Editor's note: Jim Hall is the former chairman of the National Transportation Safety Board. Peter Goelz is a former managing director at the board. The opinions expressed in this commentary are solely those of the authors.
(CNN) -- Today, we are all mourning the loss of 298 people who died in the tragic crash of Malaysia Airlines Flight 17. Ukraine and Russia have been trading blame on who is responsible for shooting down the aircraft. As more details come in, U.S. officials believe that pro-Russian rebels fired the missiles.
Whatever the political repercussions are, the international community owes it to the deceased and their families to conduct an immediate, thorough, competent and, most important, independent investigation of what exactly happened and who is responsible.
We cannot afford to have another aviation accident investigation that appears to stumble at its outset. The families of the 298 innocents on board deserve competence and justice. Most of those on board were Dutch, but there were also Australians, Indonesians, Germans, at least one American and a Malaysian crew. Some of the world's top AIDS researchers were among those killed.
Clearly, given the political tensions between Ukraine and Russia and the disputed area in which the crash occurred, these two countries should not conduct the investigation. According to Annex 13 of the International Civil Aviation Organization, multiple parties are entitled to be involved in the investigation. While our own National Transportation Safety Board will have a say, since Boeing in the United States made the aircraft, we believe that the Dutch Safety Board should be the lead investigatory body, and it should be appointed immediately.

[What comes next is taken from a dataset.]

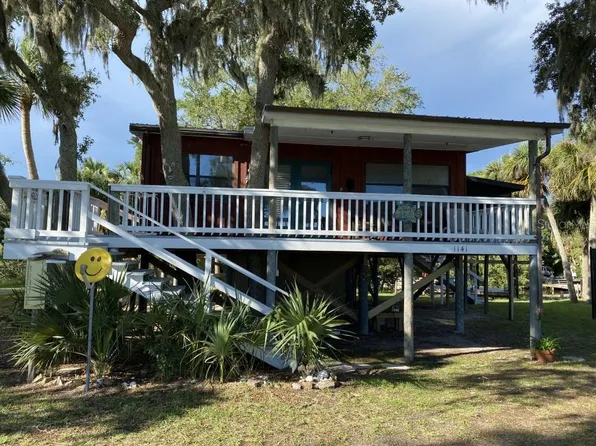 1141 Palmetto Dr, Cedar Key, FL 32625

The Dutch Safety Board was founded in 2005, is noted for its thoroughness and technical skill, and has conducted many aviation investigations. Its leader, Chairman Tjibbe Joustra, is a career politician and the national coordinator for security and counterterrorism. Given his experience in both aviation and national security, he would be an outstanding fit for the work.
It is vital that investigators get to the scene of the accident immediately. With unconfirmed reports that Ukrainian rebels are combing through the wreckage and may even have possession of the black box, security at the crash site must be established to preserve evidence and allow investigators to determine how and why this aircraft was shot down.
It is critical that investigators obtain possession of the cockpit voice recorder and flight data recorder, the "black box." As the NTSB did in the investigation of TWA 800 using black box data, a sound spectrum study can provide telling information on where on the aircraft and when the explosion occurred.
The Russians, the Ukrainians and the rebels should commit immediately to full transparency and to guaranteeing the complete safety of the investigative team. Anything short of that should bring immediate world condemnation and a denial of landing rights for flights originating in their respective countries.
This is more than just an investigation of an aviation accident. Our global economy is greatly dependent on aviation. People are able to access the farthest corners of the globe for business and family purposes with remarkable speed and unprecedented safety. If there is an ongoing threat that commercial airliners will be shot down, our global commerce will slow to a halt. In the United States alone, 97.5 million passengers flew internationally on U.S. airlines in 2013.
The United Nations is meeting today on the MH17 tragedy, and it needs to show strong leadership to ensure that a true independent investigation is immediately launched.
The world's countries must stand up for safe and secure global travel, and by demanding a transparent and unfettered international investigation, they will take the first step in bringing those responsible to justice.